Arnheim states, “Film resembles painting, music, literature, and the dance in this respect-it is a medium that may, but need not, be used to produce artistic results.”
He says that a post card and military march are not considered art and just as most movies should not be considered art. With the possibility of being art, how should artistic merit of a filmmaker be deciphered? Begin writes that “Often a director’s style depends on his or her attitude toward mise-en-scene versus montage.”
Montage and mise-en-scene should not be viewed as competing elements, but pieces of film used to compose ideas and emotions the filmmakers are trying to convey. An artist knows the tools and techniques needed to convey the message and grasp a balance of montage and mise-en-scene appropriate for the particular film.
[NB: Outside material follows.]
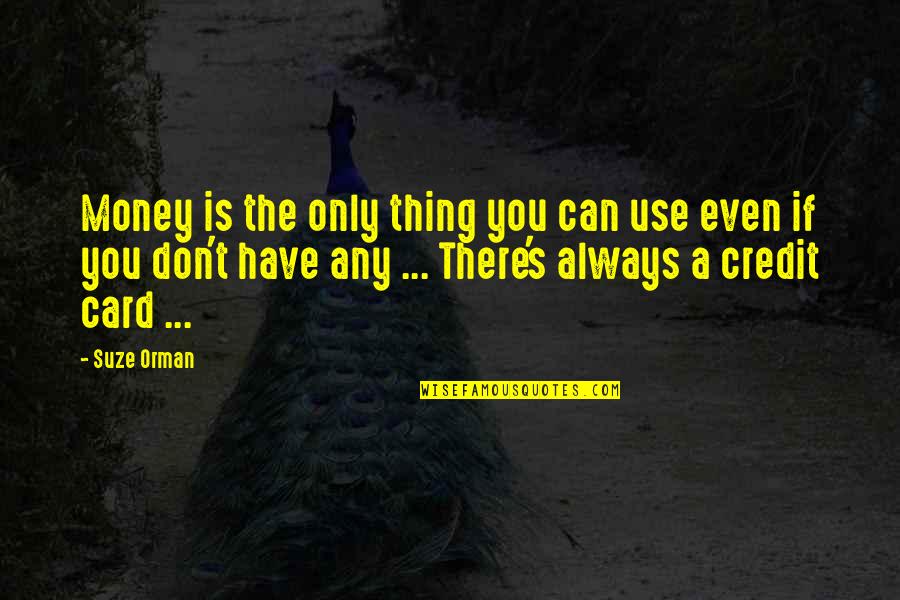 Credit Cards Quotes By Suze Orman: Money is the only thing you can use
Many films simply tell a story, when they become art is where the skill and craft excel.
Films have the capability of being art, and they have the ability to not be art. The deciding factors lie in the use of the elements, and how they are composed together, and the manner in which they are arranged. To shoot and assemble is not art, but to skillfully go about it and craft a movie in a way presenting the audience with ideas and ways of seeing things in an original way brings it to be. For film the main components of its art is the mise-en-scene and montage. When skillfully they are composed together they create a film that is every bit as artistically rendered as a well crafted painting.
Bibliography:
Begin, Paul. "Buñuel, Eisenstein, And The 'Montage Of Attractions': An Approach To Film In Theory And Practice." Bulletin Of Spanish Studies 83.8 (2006): 1113-1132. Academic Search Complete. Web. 9 Feb. 2012.
Rudolf Arnheim. “From Film As Art,” Film Theory and Criticism (New York: Oxford, 2009)
Sergei Eisenstein. “Beyond the Shot [The Cinematographic Principle and the Ideogram]” Film Theory and Criticism. (New York: Oxford, 2009.)
Wollen, Peter. "Theory And Practice." Journal Of Media Practice 6.2 (2005): 73-81. Art Full Text (H.W. Wilson). Web. 9 Feb. 2012.